Il debutto al lungometraggio di finzione di Thea Hvistendah - in concorso all'ottava edizione del Riviera International Film Festival - è un'opera affascinante, ma incompiuta. Che cerca di superare la forma, ma rimane semplice involucro

Gestire i non morti non è una cosa facile. Non deve esserlo nella realtà, ma nemmeno nella finzione è tanto più semplice. È inoltre il titolo del film di Thea Hvistendah, Handling the Undead, al suo debutto nel lungometraggio dopo una serie di corti e la regia del film concerto del 2017 Adjø Montebello. Gestire i non morti non è cosa facile e non lo è soprattutto quando si è vivi, quando quei morti si sono già lasciati andare, si sono salutati, che sia da poco o che sia da anni.

Gestire i morti è il più grande cruccio che la letteratura, dai greci ai fantasy, si è impuntata di voler trattare, forse pensando di poter trovare una soluzione, un modo per riportare davvero la gente in vita, cercando di capire in caso cosa poter fare per rendere la convivenza il più serena possibile.

Ma, sebbene possa sembrarlo – anche per una serie di effettistica sui non-morti – l’opera di Hvistendah non è uno zombie movie. C’è un’epidemia, ma non viene vissuta come tale. E non diventa mai nemmeno un disaster o un horror movie. È un dramma. È il dramma di queste persone, di queste famiglie che hanno perso qualcuno di loro caro e che lo vedono tornare.
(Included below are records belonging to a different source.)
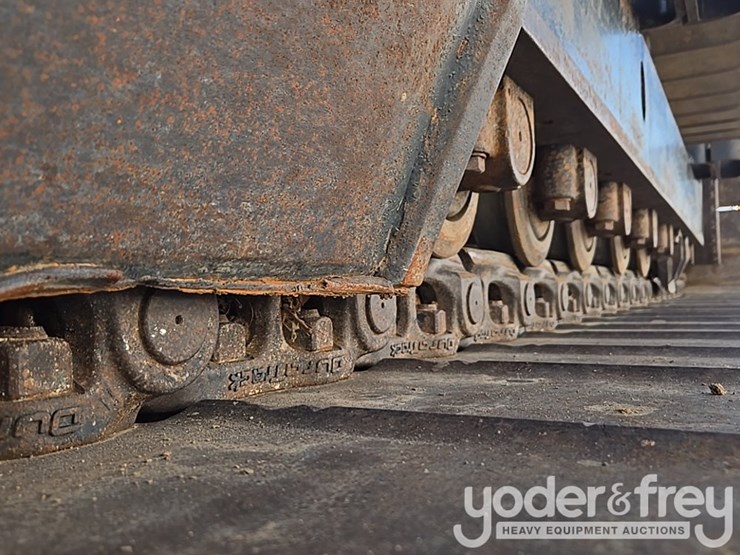 2023-komatsu-pc360-lc-11-image-13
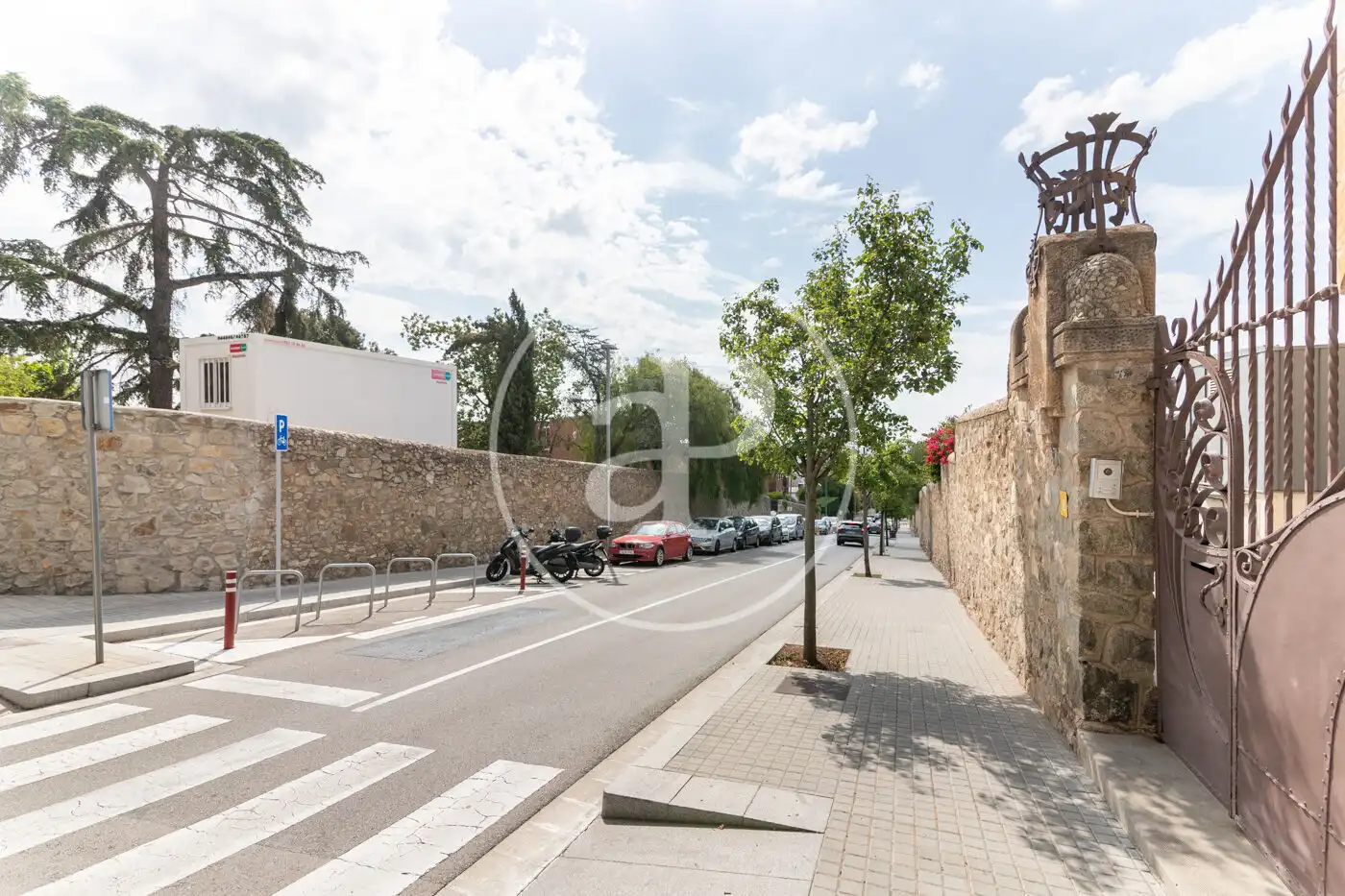 Vista exterior de Casa o xalet de lloguer en Barcelona amb Aire condicionat, Calefacció i Jardí privat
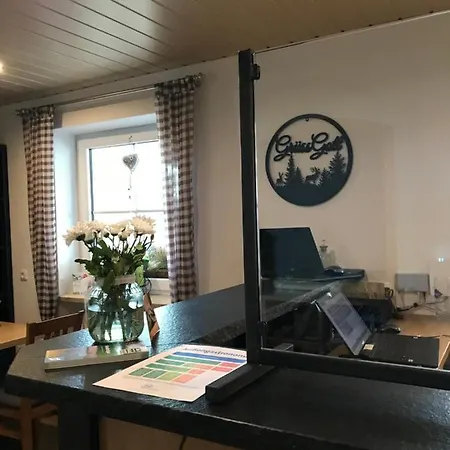 بيت ضيافة Zur Neuen Post Landgasthof Herzogsreut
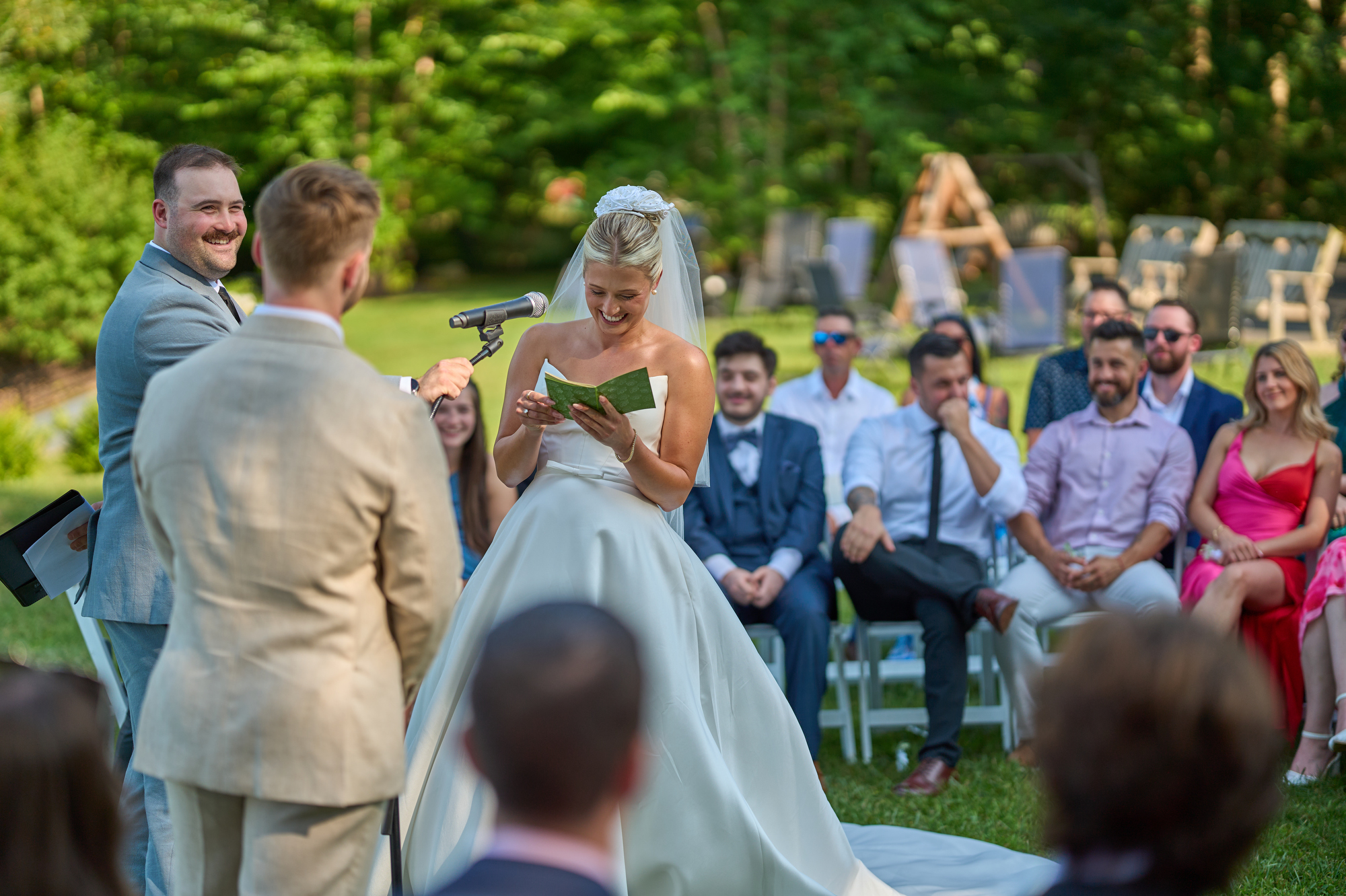 A Romantic Summer Wedding at the Interlaken Inn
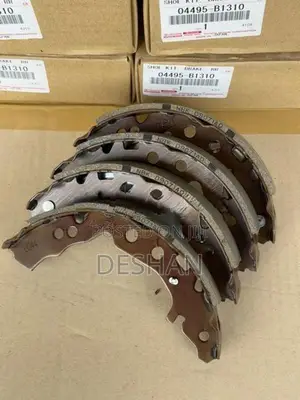 Toyota Roomy Brake Shoue Set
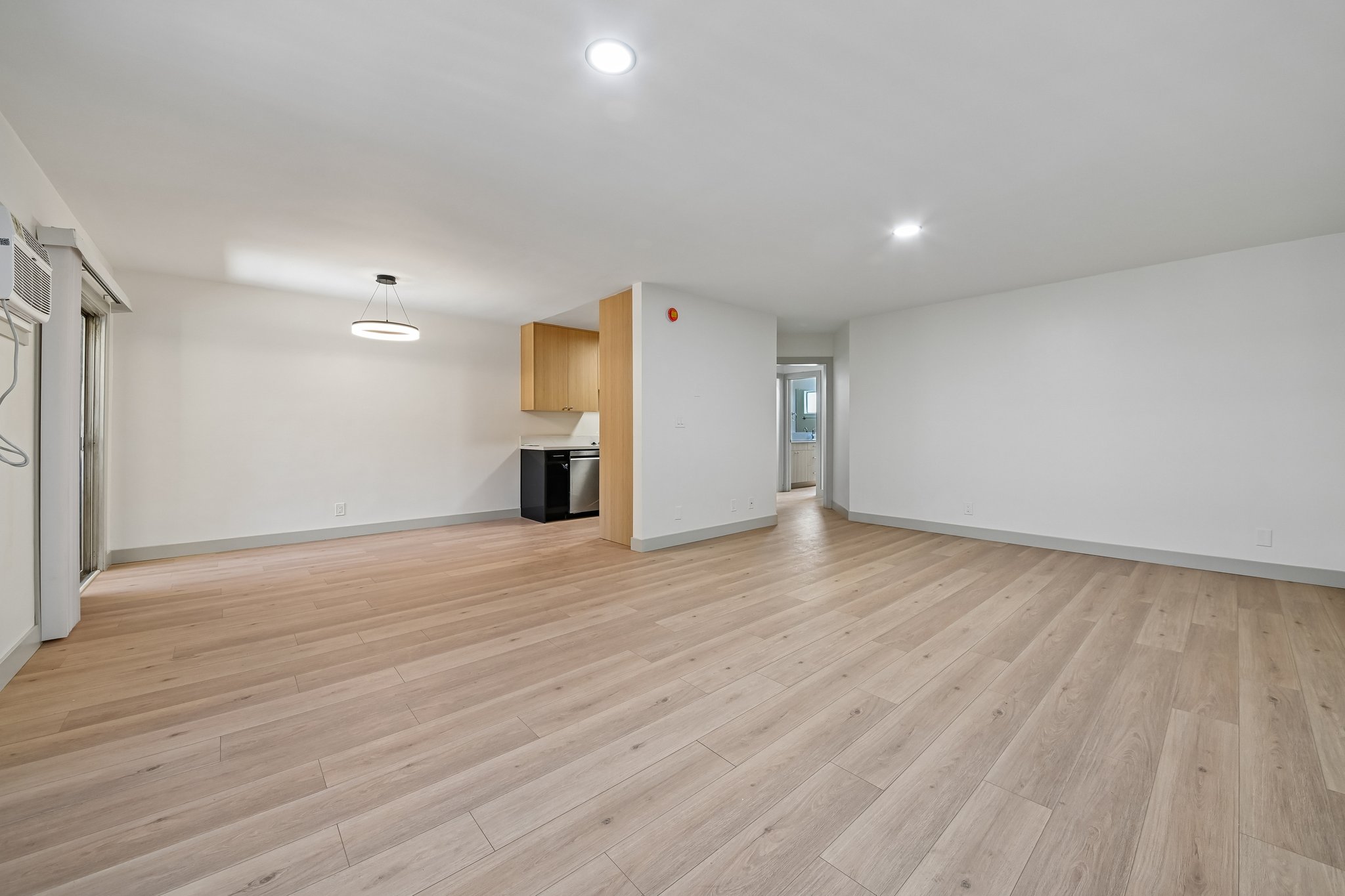 1342 N Fuller Ave Unit 203-S0805-001.jpg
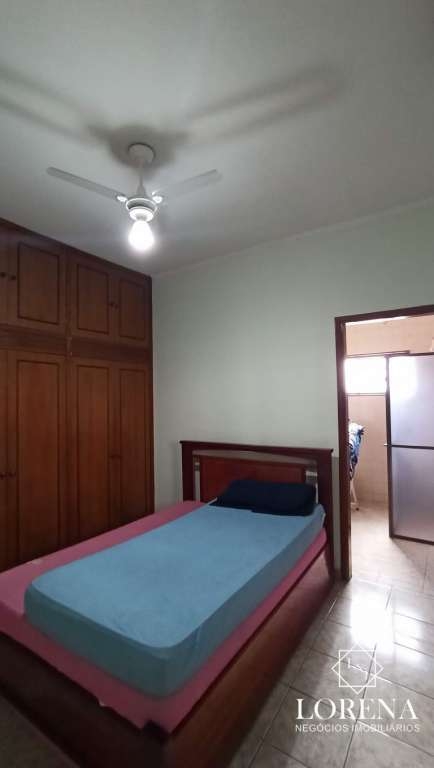 Casa com 4 quartos à venda, 300m² — foto 21 de 32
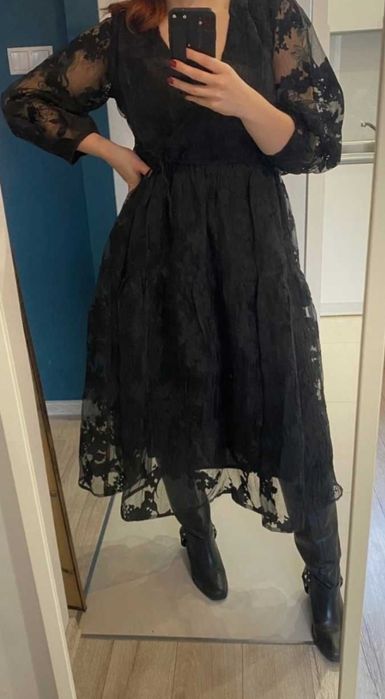 Reserved czarna tiulowa balowa sukienka na wesele na sylwestra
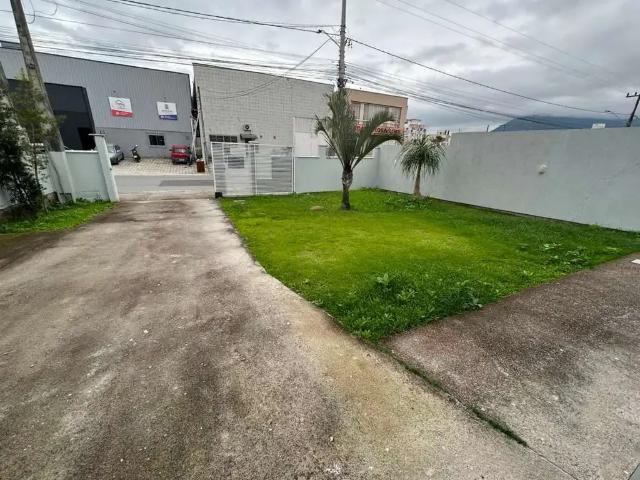 Casa / Sobrado para Locação em Palhoça/SC Aririu 2 Quartos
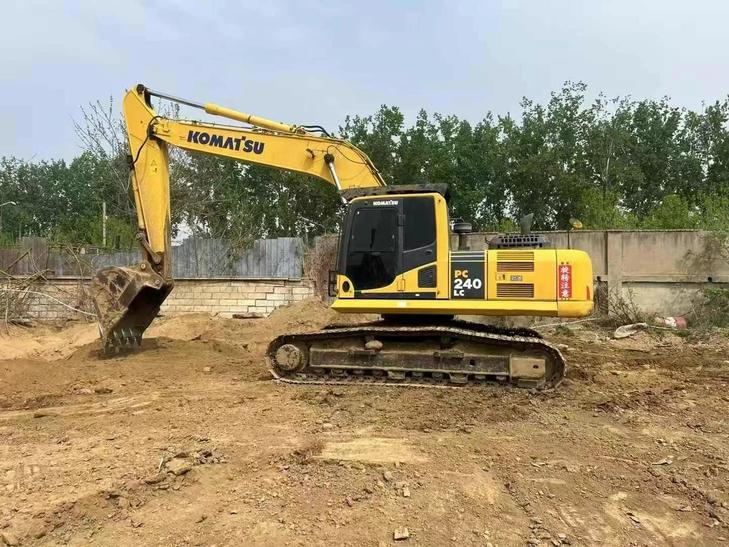 Buy Komatsu PC240-11M0 Used Excavator / 1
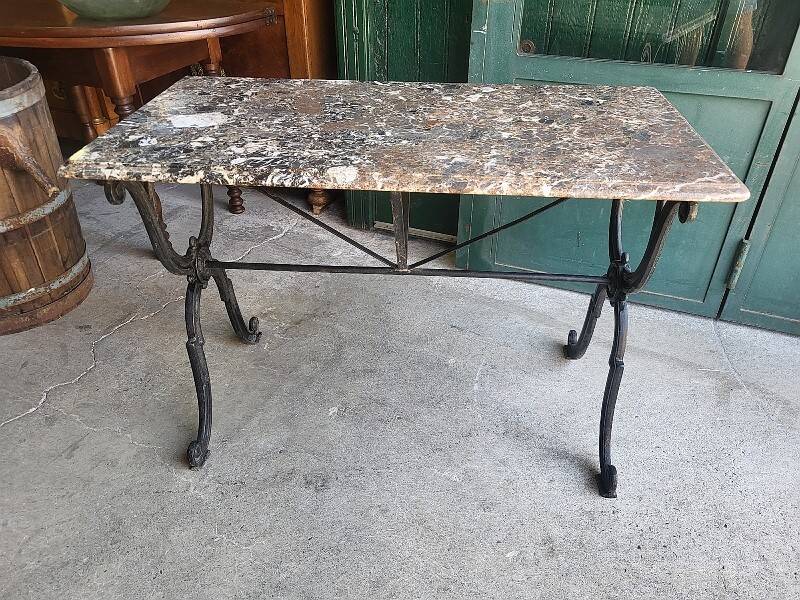 Table de bistrot marbre pied en fonte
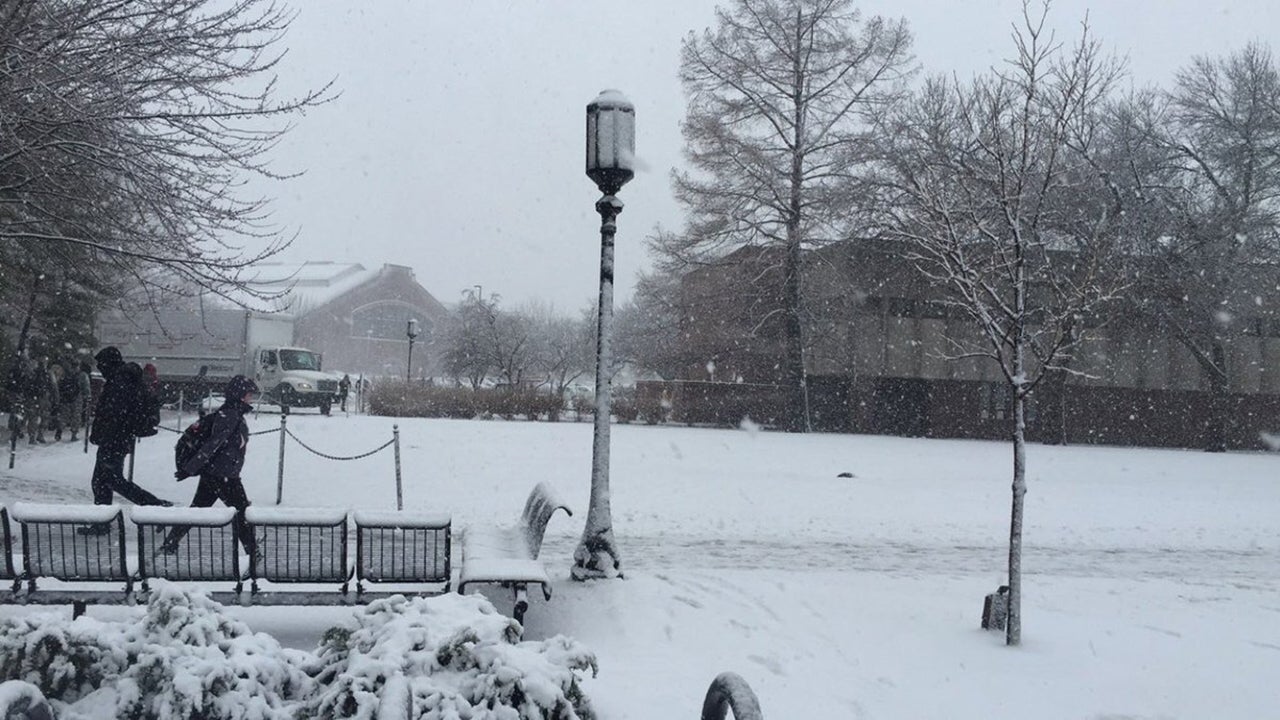 Winter Storm Petros Hammers Midwest, Kills At Least 1 (PHOTOS)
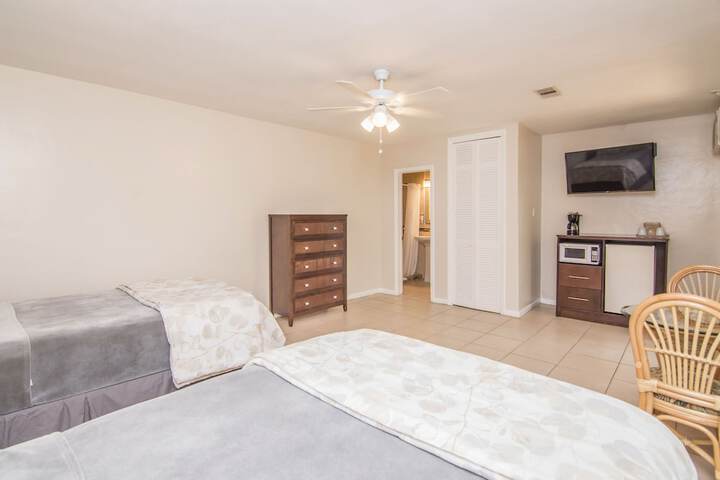 2 Double Beds (3 of 7)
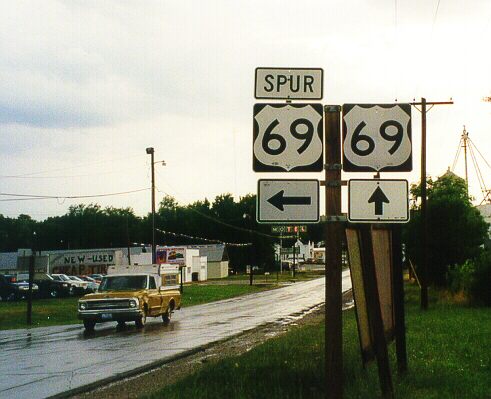 Spur US 69 at US 69 in Bethany, Mo.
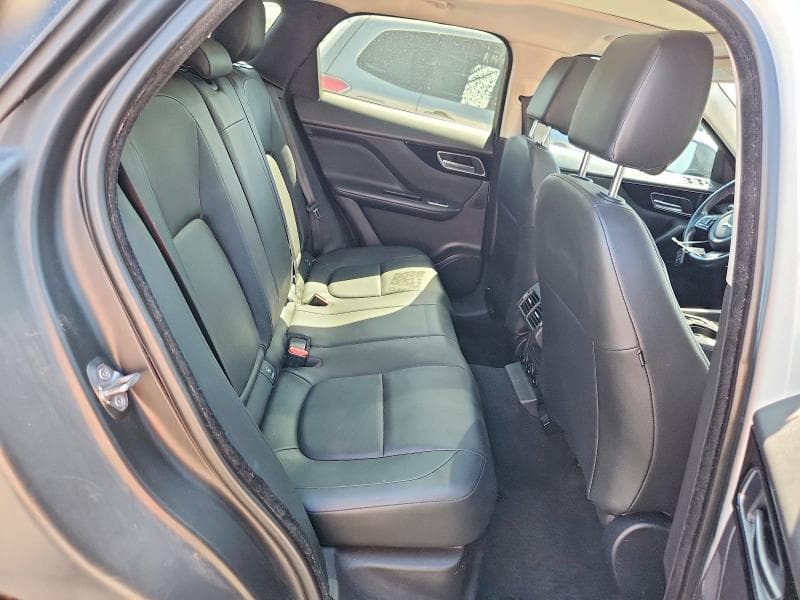 2017 JAGUAR F-PACE PREMIUM 11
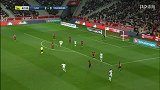 第68分钟斯特拉斯堡球员利埃纳尔射门 - 打偏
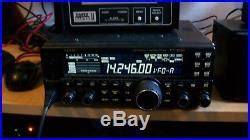 Yaesu FT 450D HF 50 Ham Radio Transceiver With Auto Tuner VERY NICE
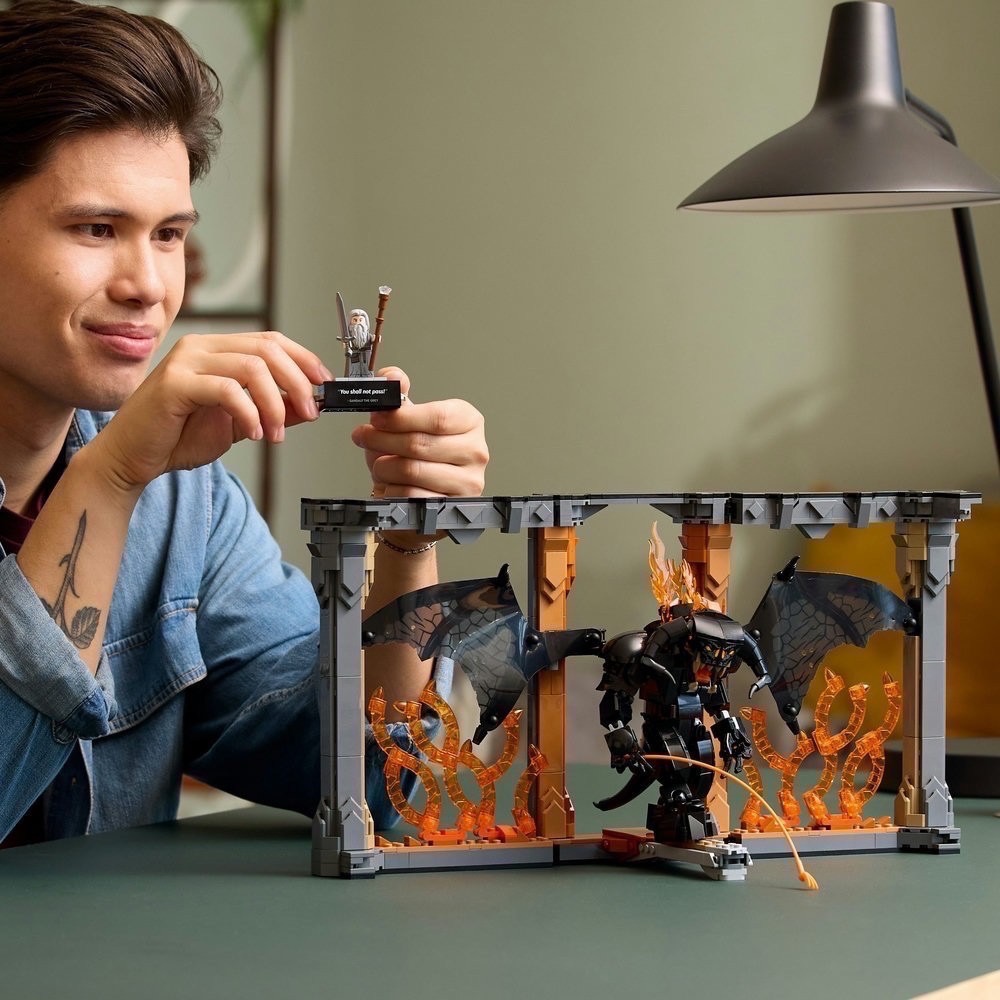 《屁桃柑仔店》現貨LEGO 10367 魔戒：炎魔書擋擺飾-Icons系列-細節圖4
Forse soffrendo maggiormente per le condizioni in cui se lo trovano davanti.

Handling the Undead, quando confezione e storia coincidono (ma non conquistano)

Non belli, non sani, non privi dei segni che la morte con la sua falce ha lasciato sulla pelle, in Handling the Undead intercorre un rimpallo continuo: dalla vita alla fine, per poi ripartire. Non facendolo però mai veramente. Vegetali, cadaverici, i corpi dei morti “resuscitati” sono solo corpi, svuotati della vita.

La morte è tale non quando non si ha più un contenitore di pelle e ossa, ma quando quest’ultimo non viene riempito con niente, svuotato di personalità, di sentimenti, di anima. Ed è così anche per la pellicola. Quasi una sua stessa analisi del film interna. La pellicola ci prova con tutte le proprie forze a non essere solo forma, ma lo rimane. Ci tiene ai personaggi, più di quanto finiranno per fare gli spettatori. Li inserisce in un teatro funebre, dove il loro ritorno dall’aldilà non ha slancio, non ha scintilla. È coerente con l’aurea mortifera che imposta, che detta il (non) andamento del tempo, fermo e pesante.

Se i defunti hanno riacquistato la possibilità di tornare nella realtà, quest’ultima nel film si piega ai suoi lugubri protagonisti e all’angoscia che generano all’interno dei proprio nucleo familiare. Ma se concettualmente il risultato è conforme, sul computo generale pesa un complessivo senso di immobilità, che affascina e allontana, costringe alla riflessione, ma anche al disinteresse. Un costante incontrarsi/scontrarsi di contrasti, che rendono di certo l’opera accattivante, ma mai fino in fondo.